Le Polisario monte au front
Pour d’autres, s’en est bien assez…Dans les provinces du sud, certains militants pro*polisario ne veulent tout simplement pas de ces forages alors que plusieurs grands groupes ont d’ores et déjà annoncé des projets d’exploitation dans la région. Dès cette année, Cairn Energy et Kosmos Energy devraient forer dans la zone offshore centrale de la côte sahraouie connue sous le nom du « Bloc Boujdour ». Des intentions qui ne plaisent guère au gouvernement de la République Arabe Sahraouie Démocratique (RASD).

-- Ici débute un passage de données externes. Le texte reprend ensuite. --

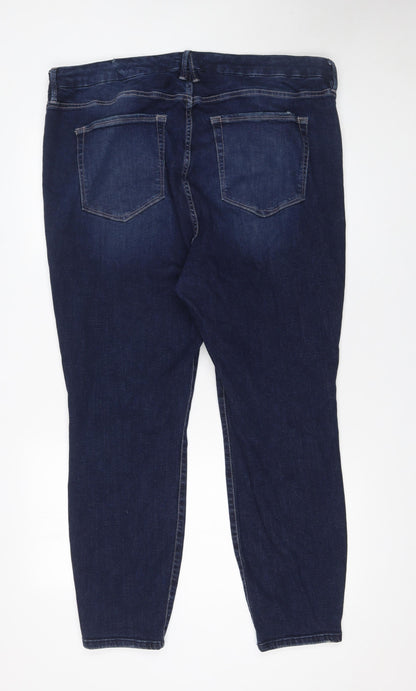 Womens UK Size 20 Good American Slim Fit Skinny Blue Jeans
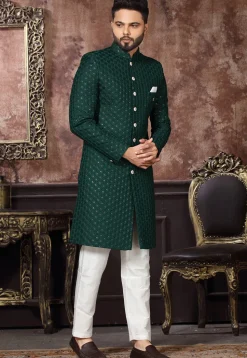 Embroidered Art Silk Sherwani in Dark Green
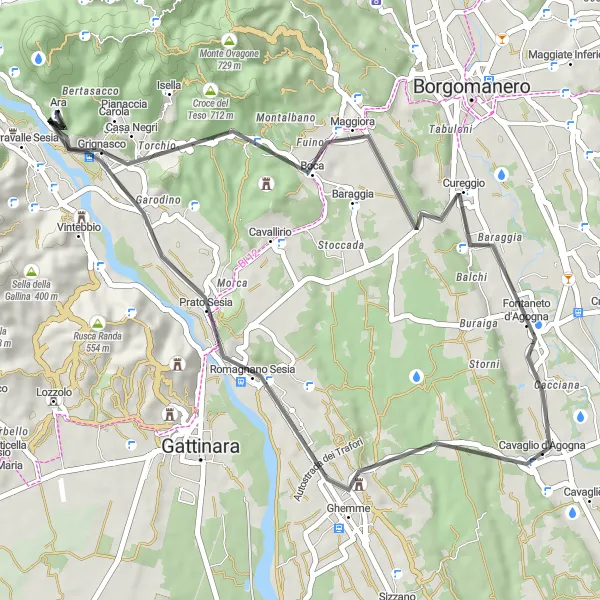 Map miniature of "Montalbano and Romagnano Sesia Road Cycling Route" cycling inspiration in Piemonte, Italy. Generated by Tarmacs.app cycling route planner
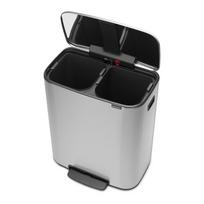 Iš plieno šiukšliadėžė matinės sidabrinės spalvos rūšiavimui/su pedalu 60 l Bo – Brabantia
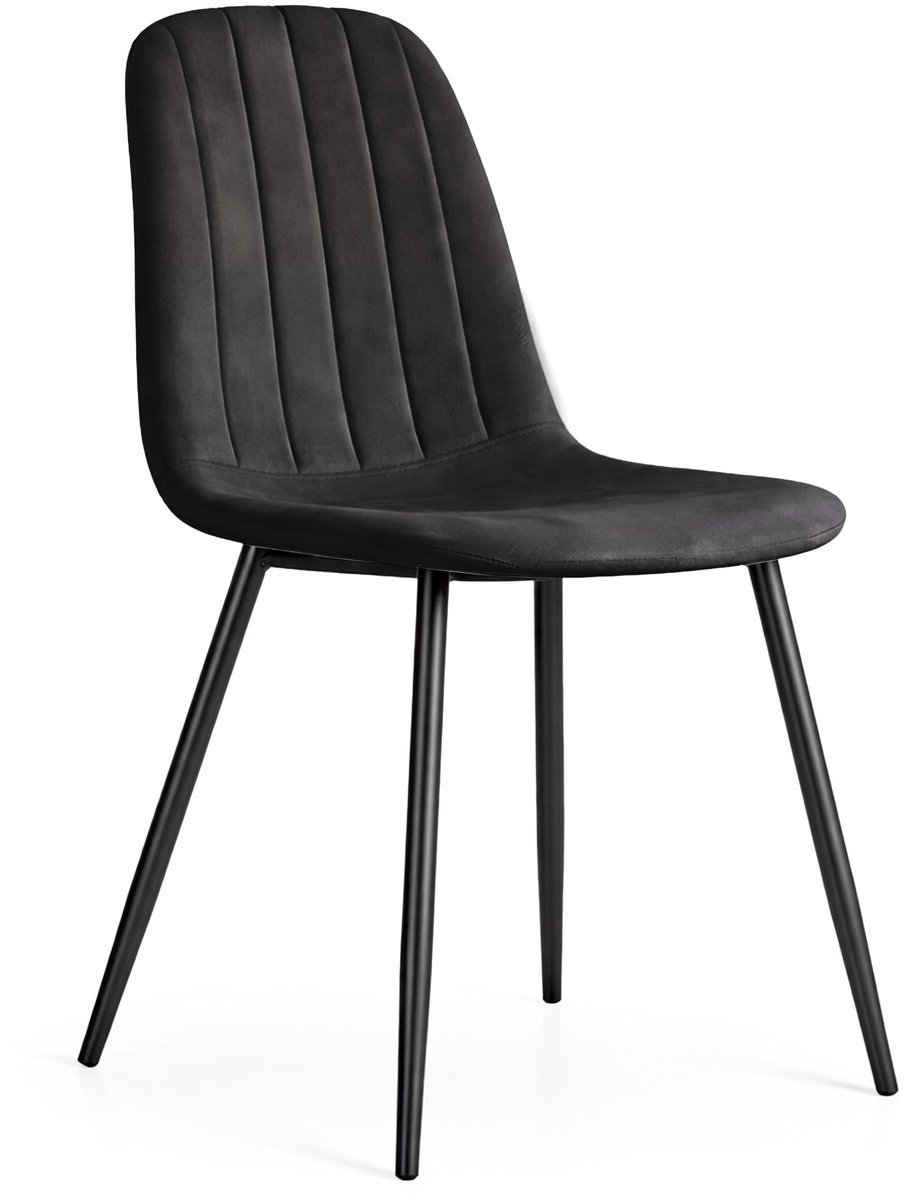 Eetkamerstoel LUMO / Gestoffeerde Stoelen / Fluwelen Stoelen en Metalen Poten / Zwart met zwarte benen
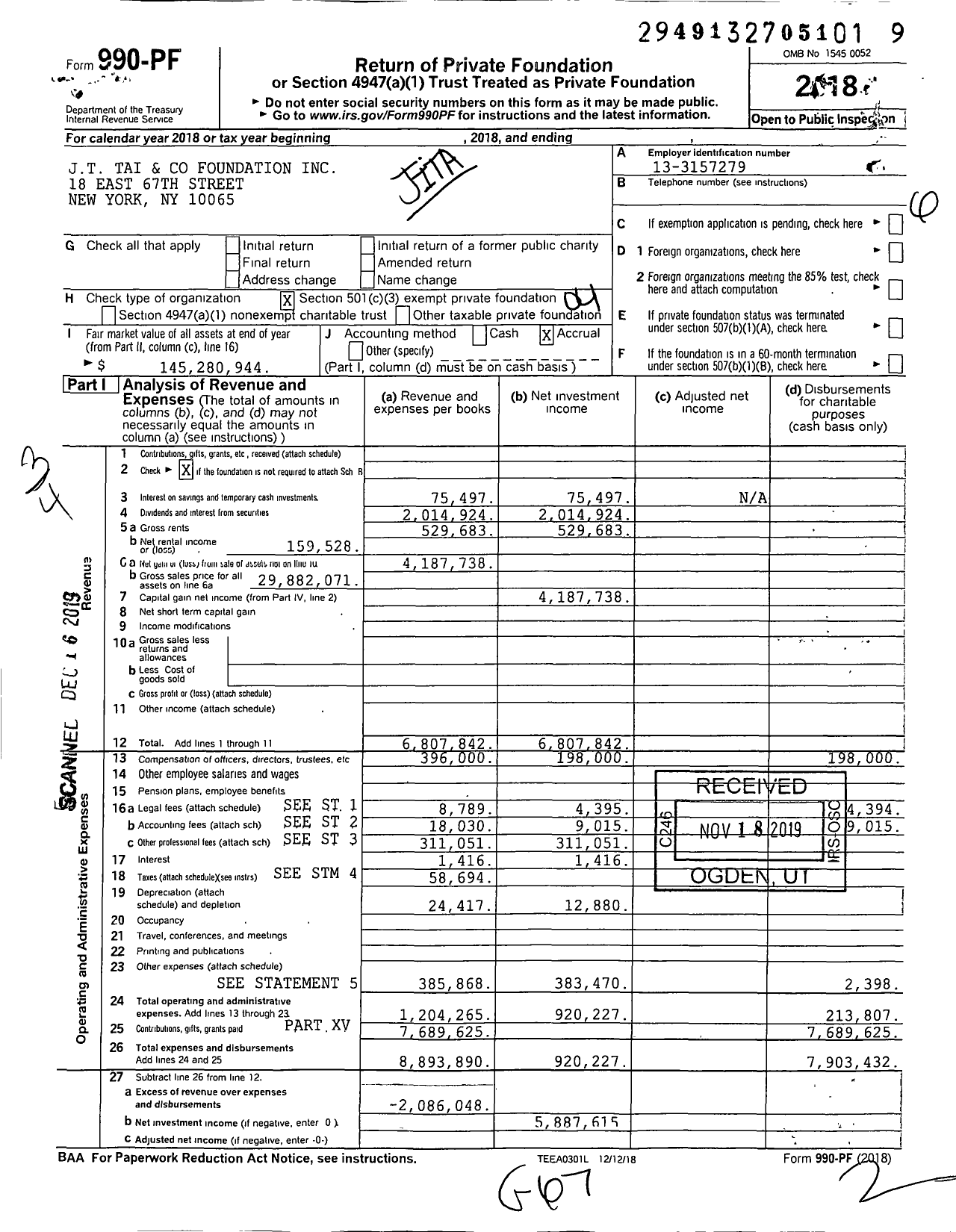 Image of first page of 2018 Form 990PF for J.T. Tai and Co Foundation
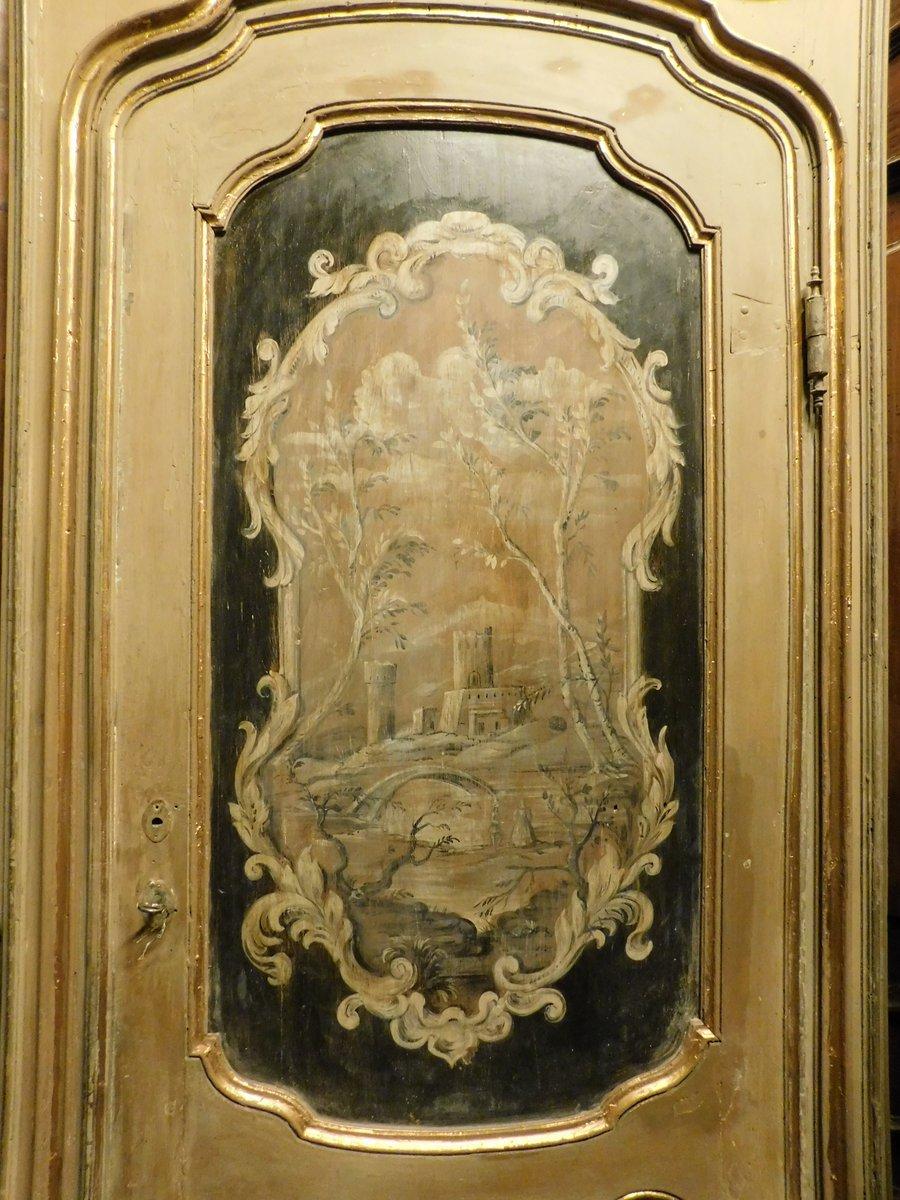 Hand-Painted N. 2 internal doors in walnut and richly painted with frame and overdoor, Italy For Sale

Il a récemment averti les deux groupes pétroliers par courrier privé que « leurs activités constituaient une violation du droit international ». Eric Hagen, président de l’observatoire Western Sahara Ressource Watch (WSRW) dénonce un manque de transparence. « Il est évident que le Maroc ne lèvera pas le petit doigt pour évaluer les souhaits de la population de réfugiés, ce qui signifie que les seules personnes qui ont été théoriquement consultées aujourd’hui sont déjà favorables à la présence marocaine au Sahara occidental. Ces opérations commerciales sont contraires à l’éthique ». Des accusations qui ne sont pour l’instant que des procès d’intention.
Le Maroc a envoyé des déclarations de principes à l’ONU en vue d’exploiter les ressources pétrolières dans le Sahara. Ces déclarations de principes ont été signées avec les représentants de Total Maroc et ceux de l’entreprise américaine Kosmos Energy. Les deux communiqués indiquent que l’exploitation des ressources naturelles d’hydrocarbures dans la région du Sahara « se fera conformément aux principes énoncés dans la Constitution marocaine et aux normes internationales » et que la population locale sera consultée dans ses projets, dont elle « bénéficiera effectivement et équitablement ».
La chasse au pétrole n’a donc pas fini de faire parler d’elle. En cas de découverte importante de pétrole, il faudra encore 8 à 12 ans avant de pouvoir réellement en produire. Une chasse longue, coûteuse et à haut risque mais qui pourrait peut-être un jour permettre au Maroc de réduire ses importations de pétrole, qui s’élèvent à plusieurs milliards de dirhams par an.